A third student also was disciplined when the same pen also was found in his binder. The investigator states that Corona and Gonzalez also planted the pen in this student’s belongings. 

In December of 2024 CCISD communications director Leanne Libby told 3NEWS: 

“CCISD acts immediately to investigate any allegations of wrongdoing, a process which can include placing employees on administrative leave with pay.

In March 2023, school administration took swift action to launch an investigation into the allegations at Hamlin. While we cannot share details of personnel actions or investigations, we can confirm Ms.
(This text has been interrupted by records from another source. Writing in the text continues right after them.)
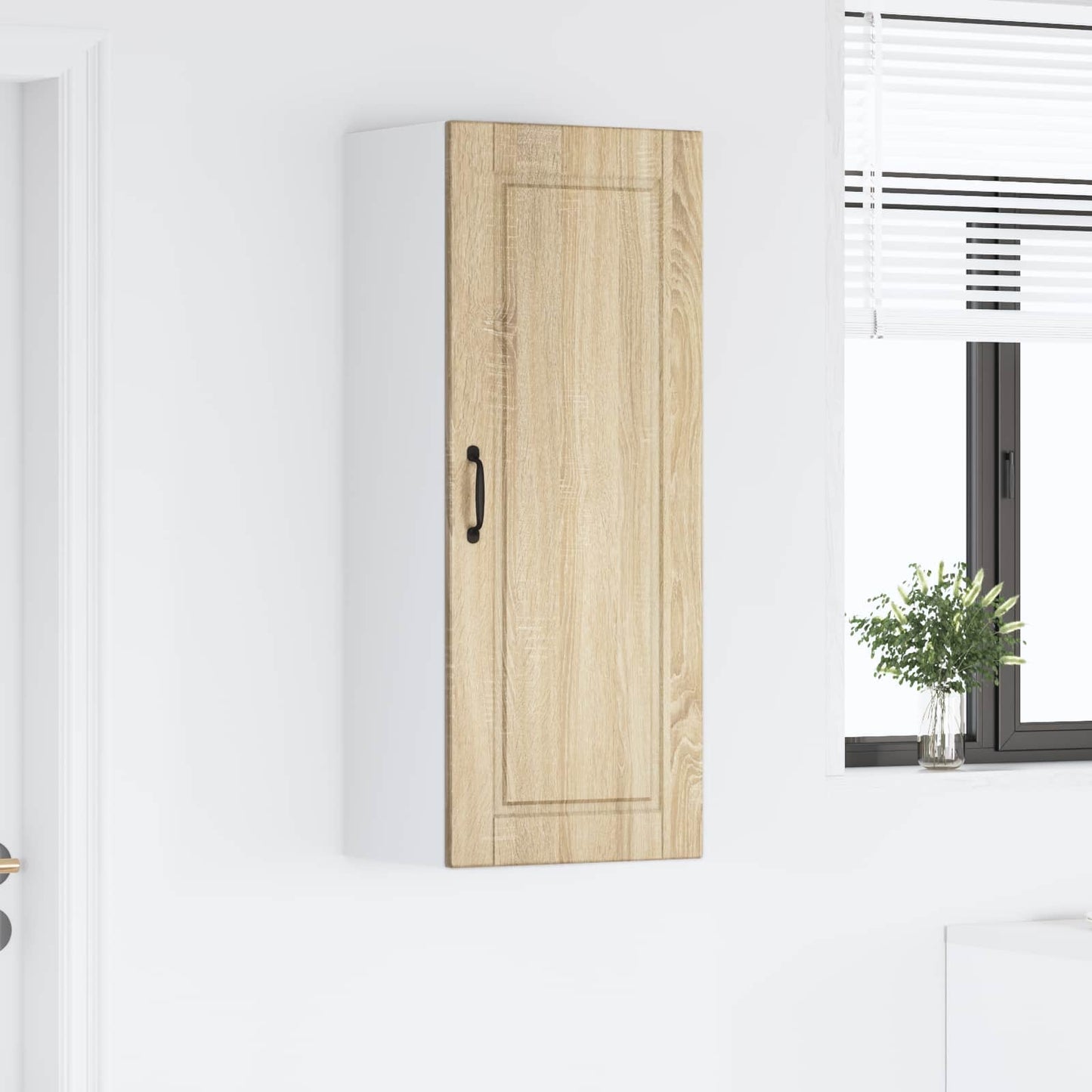 vidaXL Wall Cabinet PORTO Sonoma Oak 40 x 31 x 100 cm Engineered Wood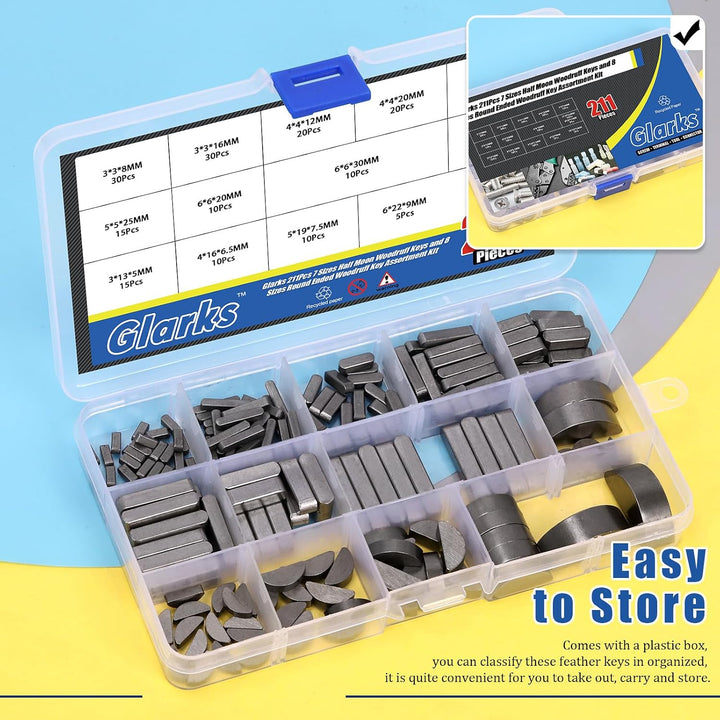 compartment storage case for 211 shaft keys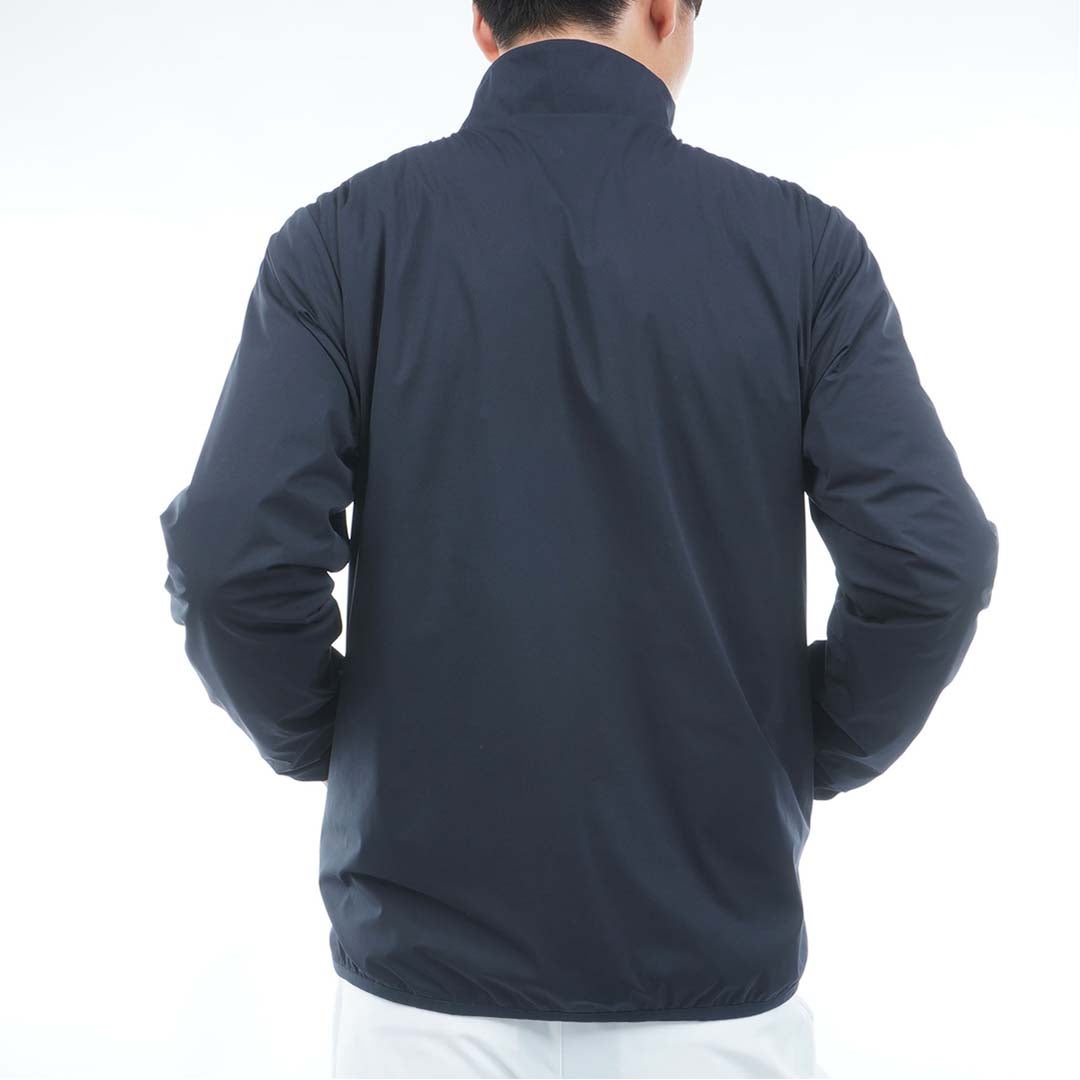 [トミー ヒルフィガー ゴルフ]　TOMMY HILFIGER GOLF　メンズ フラッグ ウインドジャケット　THMA666　ネイビー　詳細3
Corona was on administrative leave starting in March 2023 and has not been employed at CCISD since August 2023. A campus officer named in the allegations has not been employed at CCISD since March 2023.
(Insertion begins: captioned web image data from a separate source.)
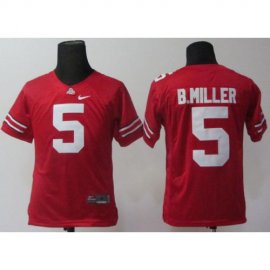 Kids Ohio State Buckeyes 5 Braxton Miller Red College Football Jerseys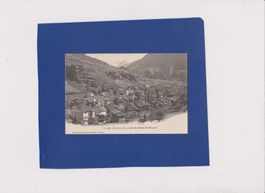 Carte postale Orsières + route du Grand St Bernard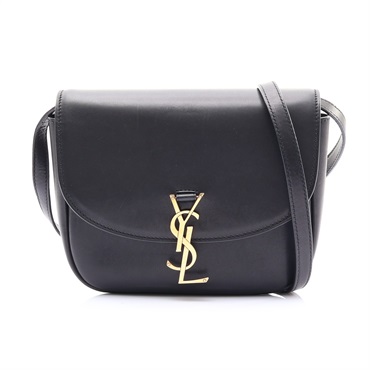 黑色牛皮 Kaia Medium Satchel 肩背包【SAINT LAURENT YSL 聖羅蘭】 634818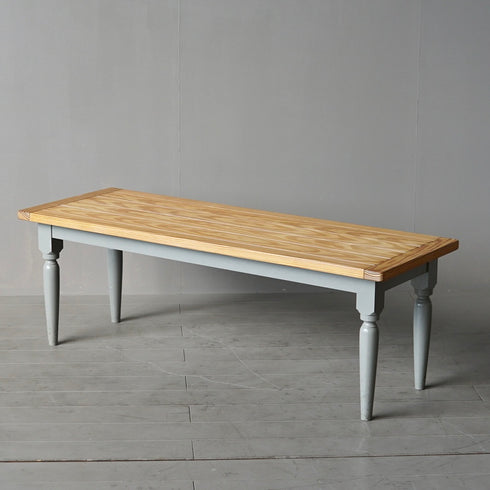 0168 ローテーブル ナチュラル×グレー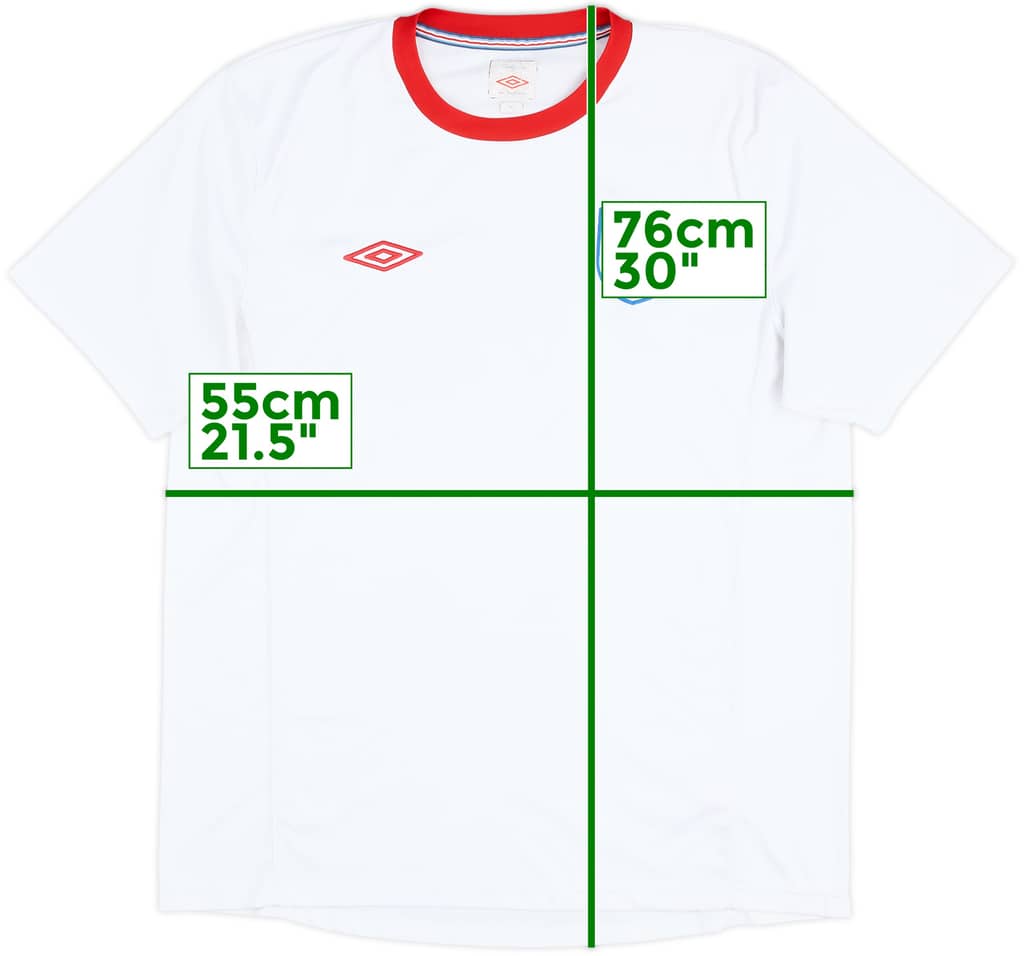 2010-11 Inglaterra Umbro Camiseta de Entrenamiento - 7/10 - (L)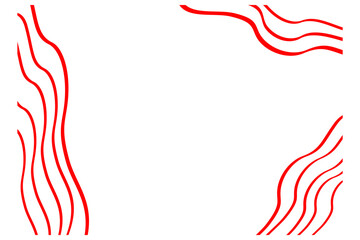 Abstract stripes background in red and white with wavy lines pattern.Vector illustration design. Eps 10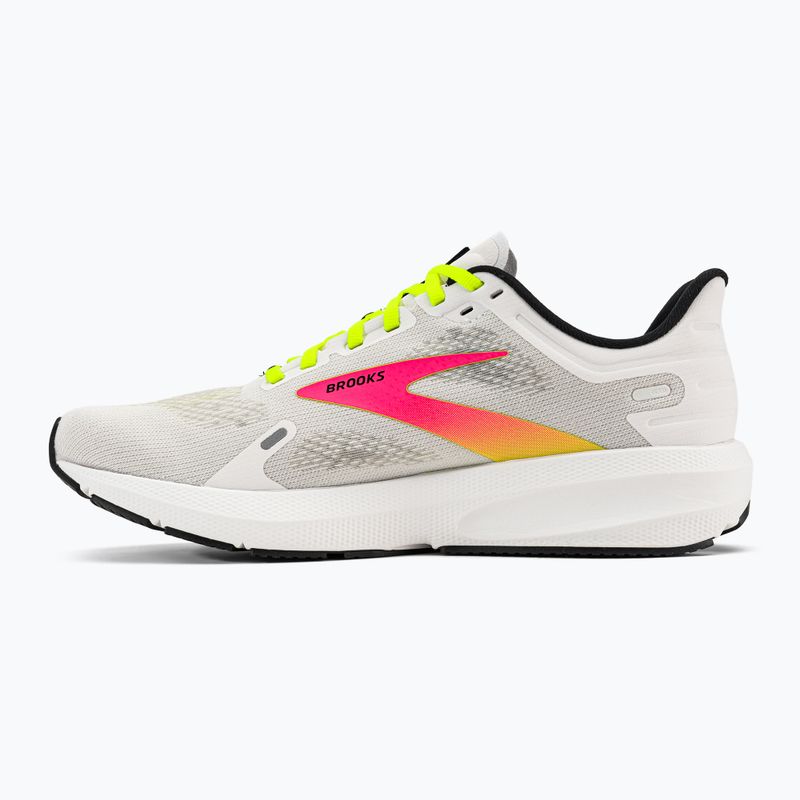 Brooks Launch 9 white/pink/nightlife vyrų bėgimo bateliai 3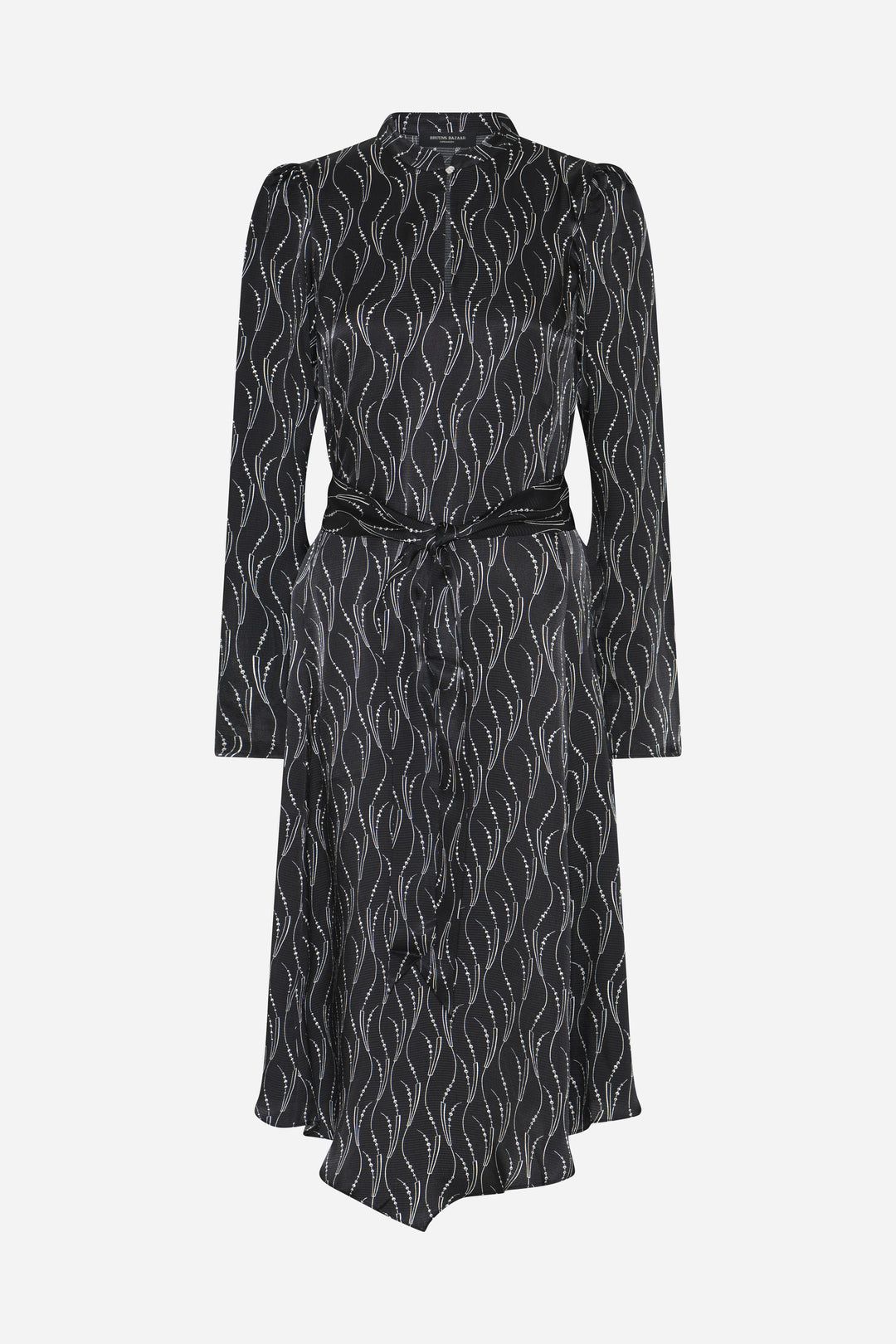 Bruuns Bazaar Women AcaraBBLiriana dress Kjoler Wavy print Black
We respectfully refer any additional questions to local law enforcement.”


Framed student’s mother responds 

In December of 2024, Yvonne Gatica described her shift in trust after the former assistant principal of Hamlin Middle School, Amanda Lee Corona, and CCISD police officer Andrew Gonzalez allegedly framed her son by putting a vape pen containing THC in his backpack.

“I don’t trust anyone, not even the educators when I did before,” she said. “When the teacher would call me and say whatever, I was quick to believe the teacher, the principal, the assistant principal.”

Information from the case affidavit obtained by 3NEWS reads that an investigator from the Nueces County Sheriff’s Criminal Investigation Unit was called to Hamlin in 2023 to look into the situation. 

He was given an audio recording, in which he states both Corona and the officer are audibly heard agreeing to put the pen in the student’s bag.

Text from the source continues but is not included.